Theresa May’in AB ile vardığı Brexit mutabakatı, parlamentoda 3 sefer reddedilmişti.
Reddedilen muahede, İngiltere ile AB ortasında Brexit sonrasında iki yıllık geçiş süreci öngörüyordu. Bu müddette İngiltere’nin modülü Kuzey İrlanda ile AB üyesi İrlanda Cumhuriyeti ortasındaki hududa ait tahlil bulunamaması halinde “tedbir maddesi” yürürlüğe girecekti.
Madde, İngiltere’nin sıkıntıya tahlil getiren yeni bir düzenleme üzerinde anlaşılana kadar Gümrük Birliği içinde kalmasını öngörüyordu. İngiltere’nin bu maddeyi tek taraflı olarak terk etme kapısı da kapalı tutuluyordu.
Anlaşmanın parlamentoda reddedilmesinde en kıymetli ögesi “tedbir maddesi” oluşturmuştu. Ortalarında Johnson’ın da yer aldığı mutabakatın muhalifleri, bu hususun İngiltere’yi süresiz biçimde AB’ye tabi bir ülke haline getireceğini sav etmişti.

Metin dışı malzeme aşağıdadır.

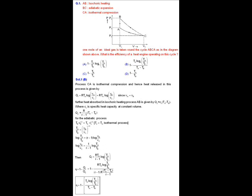For the adiabatic process, T_B × V_B^(γ−1) = T_A × V_C^(γ−1), since the equation of the adiabatic process is TV^(γ−1) = constant. This implies T_A/T_B = (V_B/V_C)^(γ−1), and taking logs: log(V_B/V_C) = 1/(γ−1) × log(T_A/T_B). Therefore Q₁ = RT_A/(γ−1) × log(T_A/T_B).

İngiliz parlamentosu, 29 Mart’ta gerçekleşmesi gereken anlaşmasız Brexit’i yasa çıkartarak engellemiş, hükümet, AB’nin de onayıyla Brexit’i 31 Ekim’e ertelemişti.
İngiltere, 2016’daki referandumda yüzde 48’e karşı yüzde 52 oyla AB’den ayrılma kararı almıştı.